Что же, с воспоминаний о пленуме и начнем. И действительно, если мы не верим «демократическим историкам», то разумнее всего послушать очевидцев. Писатель Константин Симонов, Вам слово:
«Сталин, высказав несколько общих фраз на тему о том, как важно в борьбе с врагом проявить мужество, отступить, не капитулировать, не счел нужным говорить вообще о мужестве или страхе, решимости и капитулянтстве. Все, что он говорил об этом, он привязал конкретно к двум членам Политбюро.
Сталин обрушился сначала на Молотова, а потом и на Микояна с обвинениями в нестойкости, нетвердости, подозрениями в трусости, капитулянтстве… Это было настолько неожиданно, что я сначала не поверил своим ушам, подумал, что ослышался или не понял. Оказалось, что это именно так.
Он говорил о Молотове долго и беспощадно, приводя какие-то не запомнившиеся мне примеры неправильных действий Молотова, связанных главным образом с теми периодами, когда он, Сталин, бывал в отпусках, а Молотов оставался за него и неправильно решал какие-то вопросы, которые надо было решать иначе… Такая же конструкция была и у следующей части его речи, посвященной Микояну, более короткой, но по каким-то своим оттенкам еще более злой и неуважительной.

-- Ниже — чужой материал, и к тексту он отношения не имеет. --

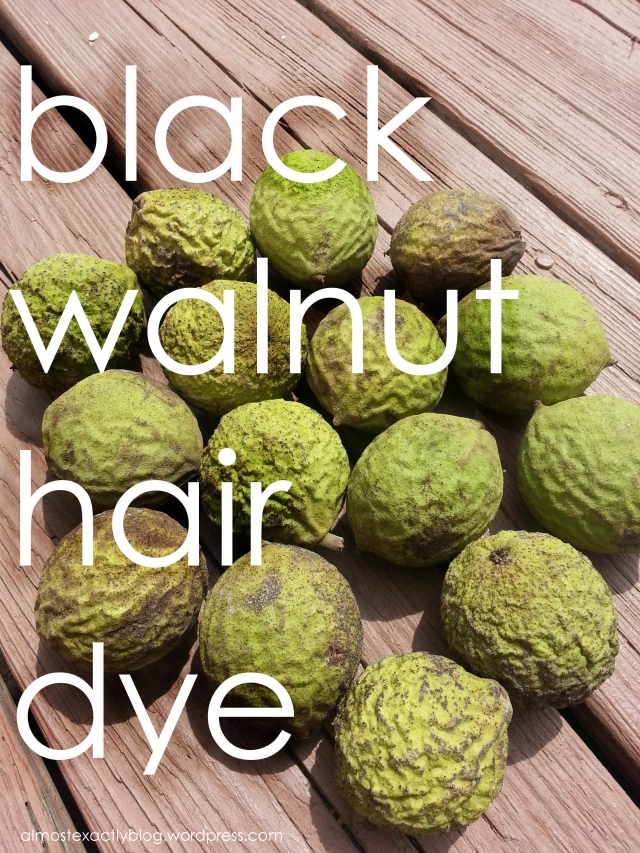 natural hair dye with black walnuts!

В зале стояла страшная тишина. На соседей я не оглядывался, но четырех членов Политбюро, сидевших сзади Сталина за трибуной, с которой он говорил, я видел: у них у всех были окаменевшие, напряженные, неподвижные лица. Они не знали, так же как и мы, где и когда, и на чем остановится Сталин, не шагнет ли он… еще на кого-то. Они не знали, что еще предстоит услышать о других, а может, и о себе.
Лица Молотова и Микояна были белые и мертвые. Такими же белыми и мертвыми эти лица остались тогда, когда Сталин кончил, вернулся, сел за стол, а они — сначала Молотов, потом Микоян — спустились один за другим на трибуну…. и там — Молотов дольше, Микоян короче — пытались объяснить Сталину свои действия и поступки, оправдаться… Оба выступавшие… казались произносившими последнее слово подсудимыми, которые отрицают все взваленные на них вины, но которые вряд ли могут надеяться на перемену в своей, уже решенной Сталиным судьбе»[190].

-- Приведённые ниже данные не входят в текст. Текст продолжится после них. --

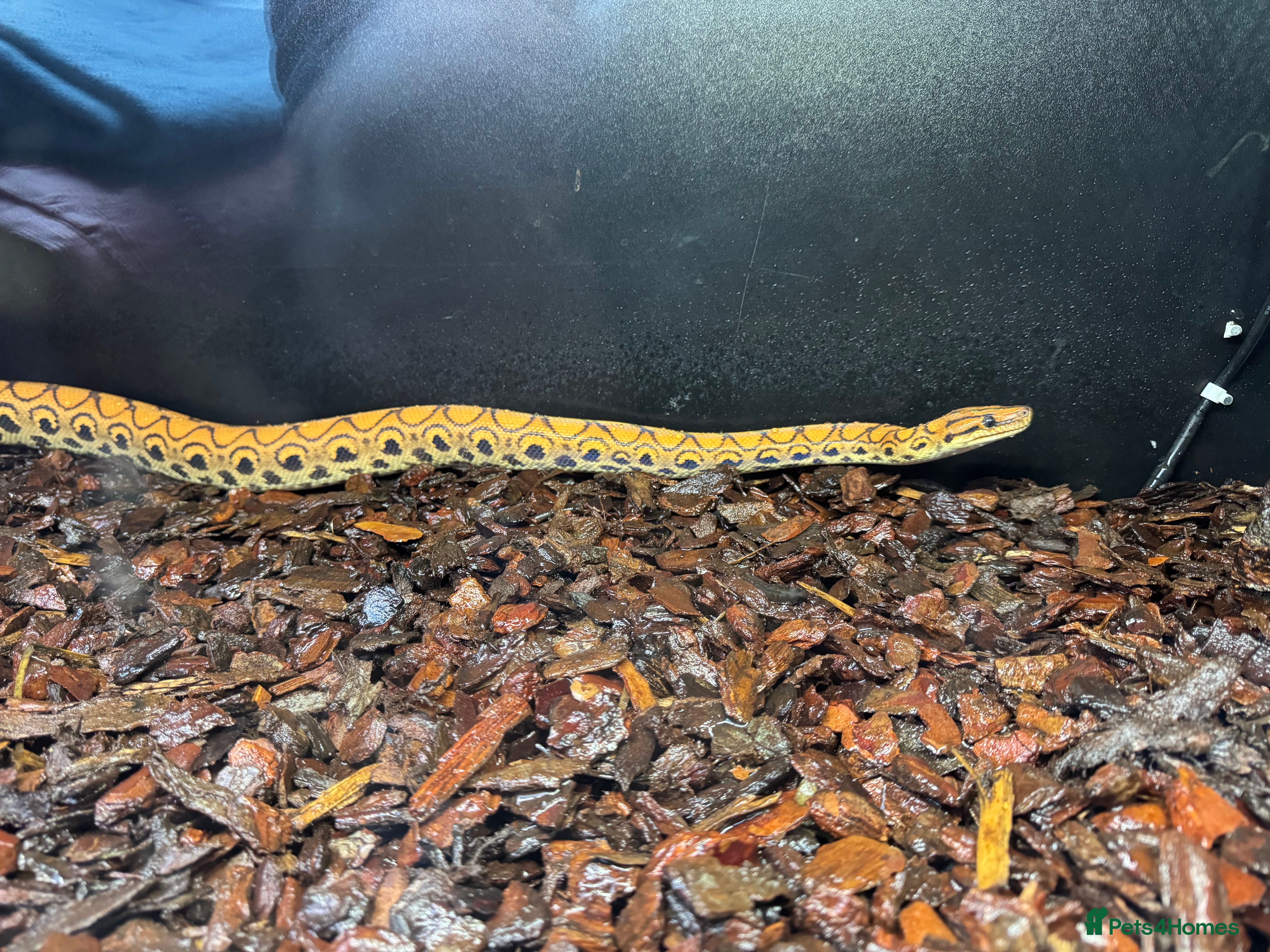 Boa Snake reptiles Brazilian Rainbow Boa breeding trio - Advert 1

Ну, и кому верить — очевидцу Симонову или «историку», не знающему даже, кем из русских самозванцев выстрелили из пушки?
Но в свете несомненной вроде (после всего сказанного, а мы еще скажем…) подготовки СССР к войне главное заключается в другом. Зададимся вопросом: за что же бедолагам такая немилость? При ответе на этот вопрос самое время заняться тем самым анализом ситуации, который предлагает г-н Кремлев. И слово на сей раз предоставляется не «демократическим историкам», и даже не очевидцам, а ему самому.
Так вот, по словам Кремлева, Молотов и Микоян поездили по миру, побывали в том числе и в Америке. И на них «это (то, что они там увидели, — достаток, комфорт, «довольный вид масс», экономическая и индустриальная мощь. — Д. В.) оказало деморализующее воздействие». Причем Кремлев признает, что Америка поражала не только на фоне послевоенной разрухи, но и на фоне 1930-х гг. И Молотов и Микоян «уже не считали, что нет таких крепостей, которые не могли бы взять большевики. Соратники с подобными настроениями Сталину не требовались…» (3. С. 74).